La campagna (scettica) di Berlusconi, e i fantasmi nel Pdl

La maggioranza teme la disfatta elettorale ma il Premier «non mollerà». E studia un piano B

ROMA - Lui l'ha già messo agli atti, «comunque vada non mollo». In modo che nessuno possa chiedergli un passo indietro nel caso in cui una slavina elettorale dovesse investire Pdl e governo. Ha condotto la campagna elettorale per i ballottaggi oscillando tra recriminazioni sui candidati prescelti, bulimia da videomessaggio tv e tentazioni di disimpegno. Di fatto, Silvio Berlusconi ha deciso di non decidere, di spendersi e non spendersi, di credere alla rimonta ma di non crederci davvero, fino in fondo. Tanto che nel Pdl è partita la corsa a riposizionarsi nel caso in cui «martedì», spartiacque per i berlusconiani di tutte le correnti che vanno componendosi, l'edificio dovesse traballare fino a crollare. Regna l'incertezza, ma il sentimento più diffuso resta lo scetticismo. Perché il Cavaliere, dopo aver consultato sondaggi riservati e sembra niente affatto propizi, pare aver abbandonato la speranza del ribaltone meneghino e della conquista napoletana. Poi, se contro ogni pronostico dovesse invece farcela, tenendo Milano e strappando Napoli, allora davvero le lancette tornerebbero indietro al 15 dicembre.
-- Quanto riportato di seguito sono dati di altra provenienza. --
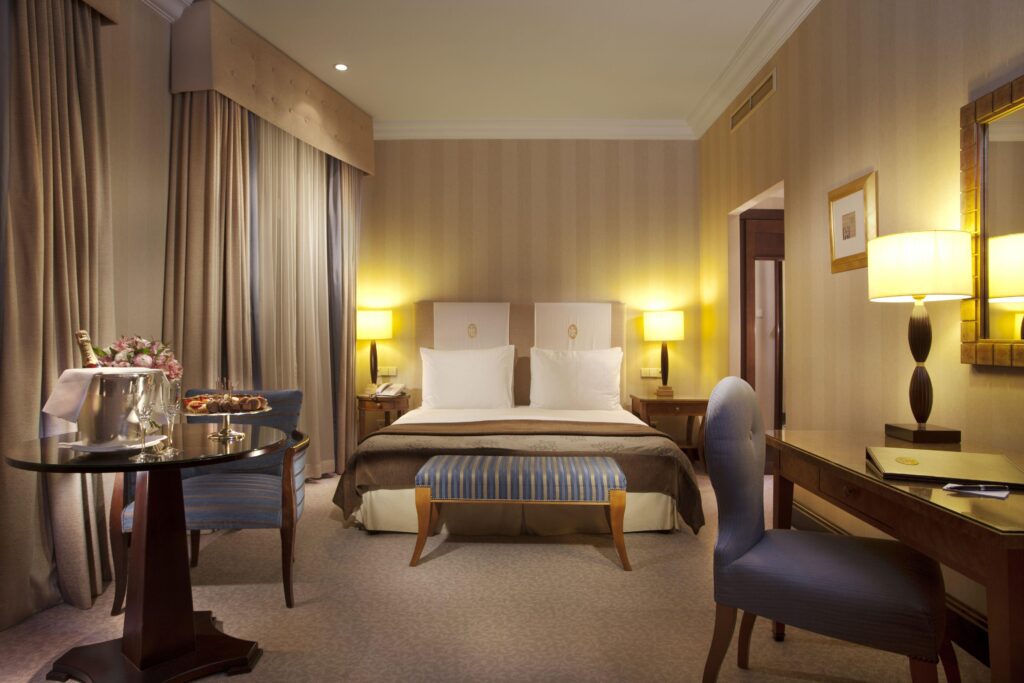 Chorwacja Hotel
Sarebbe un film già visto, il Pdl che invano si organizza per un 'post Berlusconi' che il Cavaliere non intende concedere ad avversari esterni e competitor interni.

E' stata una campagna elettorale molto diversa rispetto al primo turno, quella di Berlusconi in vista dei ballottaggi. Che a qualche azzurro ricorda quella del 2005, quando un Berlusconi di pessimo umore si spese solo in parte e alla fine perse di brutto. Stavolta ci ha provato, almeno al primo turno. Al risultato negativo sono seguiti giorni di silenzio, una fiammata a reti unificate, una lunga intervista a Porta a Porta senza l'atteso annuncio-sorpresa sul fisco, un ultimo comizio a Napoli. Niente Milano, deserti i palchi che avrebbero dovuto ospitarlo nel suo feudo, nessuna uscita pubblica con una Moratti giudicata candidata inadatta alla rimonta. Solo uno sfogo in mondovisione con Barack Obama contro i soliti giudici.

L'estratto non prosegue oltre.